Dir: Ken Russell
Cast: Kathleen Turner, Anthony Perkins
I love Ken Russell. It is becoming rarer and rarer to find such a bold and fiercely opinionated, yet artistically gifted filmmaker - say auteur - in modern cinema. Every time I weary of the hordes of remakes and might-as-well-be remakes, I turn to someone like Russell, Derek Jarman, Alex Cox, Chris Marker - someone whose vision and sensibilities are so unique they run almost parallel to cinema itself and seem at times to be a different branch of art form altogether. Lately, I've been feeling kind of burnt-out on movies - perhaps because I watched 31 films in January (yes, I was keeping count) or perhaps because of the general lack of originality, of truth, of ANYTHING THAT NEEDS TO BE SAID in modern cinema.
So, last night I was feeling much like this - having started and been unable to finish watching various movies over the past few weeks, I popped in Ken Russell's Crimes of Passion and all of a sudden - WHOOSH - all notions of what I felt was becoming a tedious medium were ripped away and I was blitzkrieged with such a delirious series of images that I almost felt like Alex in the prised-open eyes torture sequence from A Clockwork Orange - except this was far too much fun. The film's plot is simple - a "priest" (Anthony Perkins?!) fixates upon the idea of saving a lost soul in Kathleen Turner's hooker, China Blue, who is also pursued by an unhappy father (John Laughlin) in order to "really connect" because his dead-fish wife won't talk to him.
Salvador Dali famously said, "I don't do drugs; I am drugs", and the same could be said about Crimes of Passion - just replace"drugs" with "sex". Every single frame in the movie exudes sex, whether overtly or subconsciously, but always intentionally, and often, hilariously. The opening 10 minutes alone are so ridiculously over-the-top and pure, pure '80s, that the rest of the film almost felt tame by comparison. It is a rare film that has a fish-netted, bewigged hooker riding furiously on top of a handcuffed on-duty policeman, all the while shoving his nightstick brutally into his - well, for the rest, you'll have to watch it yourself. But the point is, by the time this scene showed up, it didn't come across as shocking or titillating or even overly gratuitous - it just showed Russell's mastery at sending very purposeful reminders that China Blue and the people swirling in and out of her life are doing anything they can just to FEEL something - love, hate, pain, disgust, pleasure - ANYTHING.

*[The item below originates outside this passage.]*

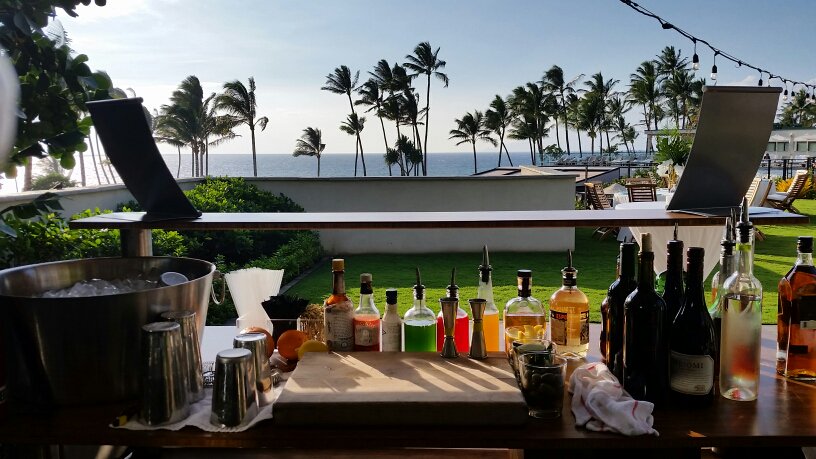 AndazMaui's tweet photo. All this bar is missing is YOU #maui #mixtressnyc #barswithviews #craftcocktail https://t.co/kS8yCpk5Ce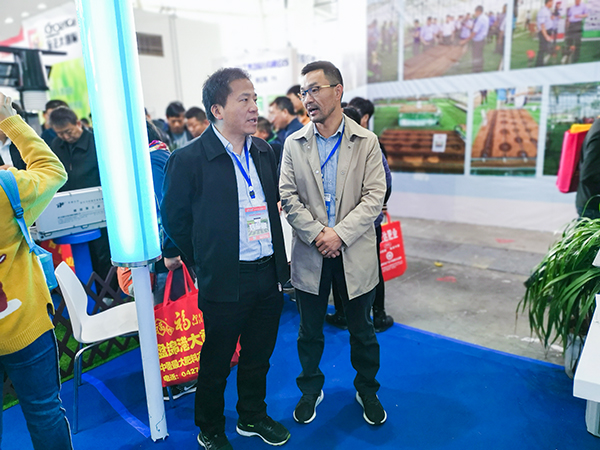 湖南省土肥站姚正昌站長與性爱视频在线观看麻豆陳渝陽董事長密切交流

The absolute best performance certainly has to go to the sorely underrated Tony Perkins (who really seems to be warming up for his oddly similar-in-many-ways turn, two years later, in his own directorial effort of Psycho III - an absolutely superb film in its own right, and one that is often overshadowed by its famous forefather.....but I digress....), who plays the mad monk Rev. Peter Shayne. Perkins invests Shayne with vein-popping, manic sexual psychosis and repression, but also a heart-rending sadness and a great loneliness; his scenes are truly a treat to watch. In particular, the sequence where he comes to perform the "last rites" on China Blue then proceeds to play "Get Happy" at the piano is so batshit crazy it really just has to be seen to be believed. Kathleen Turner is also excellent in what must have been a VERY difficult dual role.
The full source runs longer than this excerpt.